2 cups unbleached all-purpose flour
2 teaspoons baking powder
½ teaspoon salt
4 tablespoons (2 ounces) cold unsalted butter, cut into ½-inch cubes
3 tablespoons sugar
2 teaspoons grated lemon zest
¼ cup finely chopped crystallized ginger
½ cup half-and-half, plus more for glazing
1 large egg
Preheat the oven to 425°F.
In a large bowl, whisk together the flour, baking powder, and salt. Using your hands, rub the butter into the flour mixture, squeezing and pinching with your fingertips until the mixture resembles a coarse meal and there are no butter lumps bigger than a pea. Add the sugar, lemon zest, and crystallized ginger and whisk to incorporate.
Pour ½ cup half-and-half into a small bowl or measuring cup and add the egg. Beat with a fork to mix well. Pour the wet ingredients into the flour mixture, and stir gently to just combine. The dough will look dry and shaggy, and there may be some unincorporated flour at the bottom of the bowl. Don’t worry about that. Using your hands, squeeze and press the dough into a rough mass. Turn the dough, and any excess flour, out onto a board or countertop, and press and gather and knead it until it just comes together. You don’t want to overwork the dough; ideally, do not knead more than
12 times. There may be some excess flour that is not absorbed, but it doesn’t matter. As soon as the dough holds together, pat it into a rough circle about 1 inch thick. Cut the circle into 8 wedges.
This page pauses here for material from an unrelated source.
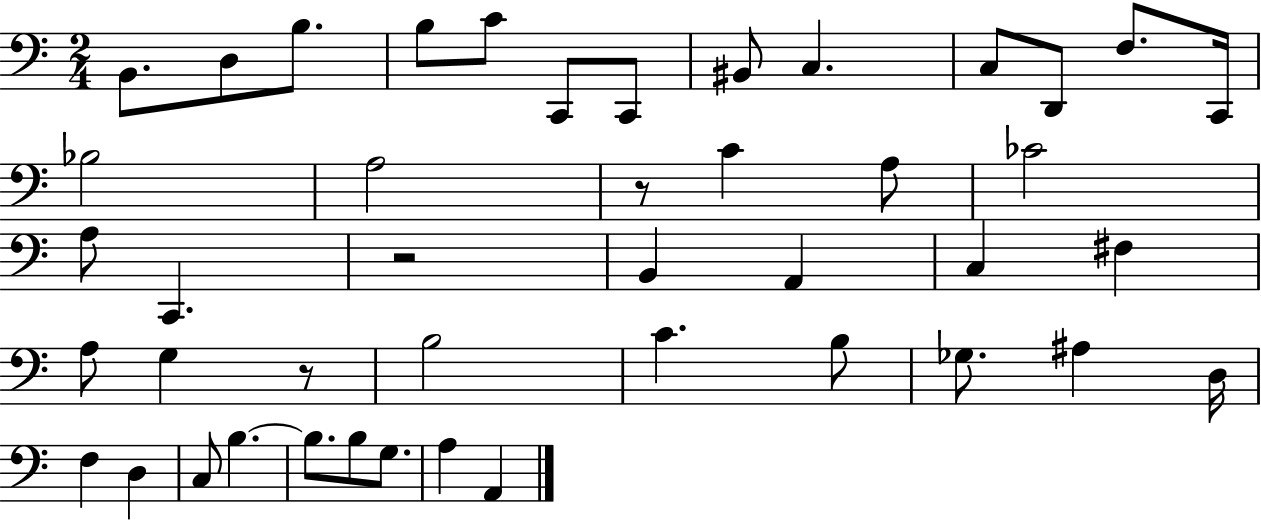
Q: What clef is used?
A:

Place the wedges on a baking sheet lined with parchment paper or a silicone baking mat. Pour a splash of half-and-half into a small bowl. Using a pastry brush, gently brush the tops of the scones with a thin coat to glaze. Bake for 10 to 14 minutes, or until pale golden. Transfer them to a wire rack to cool slightly, and serve warm, with butter, if you like.
NOTE: If you plan to eat them within a day or two, store the scones in an airtight container at room temperature. For longer storage, seal them in a heavy plastic bag or container, and freeze them. Before serving, bring them to room temperature. Either way, reheat them briefly in a 300°F oven. They’re best served warm.
Yield: 8 medium scones
PROMISE TO SHARE
I don’t know of any more appropriate way of saying this, so I’m just going to do it: I hate, hate, the notion of a secret recipe. I don’t usually throw the h-word around like that, but this is one instance where I’ve got to put my foot down. I do not like secret recipes.
The whole idea is sort of ridiculous. Recipes are by nature derivative: rare is the recipe that springs, fully formed, from thin air, without the influence, wisdom, or inspiration of other prior dishes. Recipes were made to be shared. That’s how they improve, how they change, how new ideas are formed and older ones made ripe. The way I see it, sharing a recipe is how you pay back fate—in the karmic sense, if you believe in such things—for bringing you something so tasty in the first place. To stop a recipe in its tracks, to label it secret, just seems mean. And isn’t cooking about making people, on some level or another, feel good? It seems to me, then, that it only makes sense to give people the means to continue feeling good. By which I mean the recipe.